▶ [Task statement]: The task calls for the lines below from the line with "Usata VW Golf" to the line with "Casa en venta en Ourense, Galicia", both ends included, copied exactly, without any pictures.

▶ [Data]:

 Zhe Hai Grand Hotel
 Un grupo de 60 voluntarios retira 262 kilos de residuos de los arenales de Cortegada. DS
...
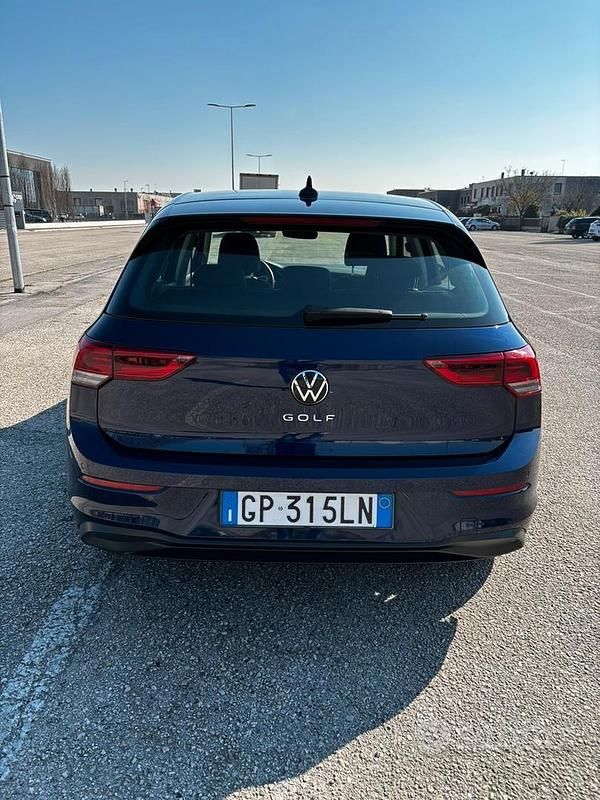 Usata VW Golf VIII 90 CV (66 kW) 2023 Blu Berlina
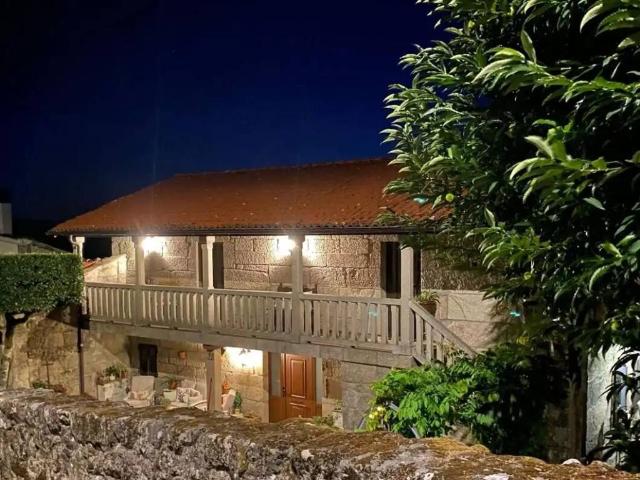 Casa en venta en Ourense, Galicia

▶ [Answer space]:
 Usata VW Golf VIII 90 CV (66 kW) 2023 Blu Berlina
 Casa en venta en Ourense, Galicia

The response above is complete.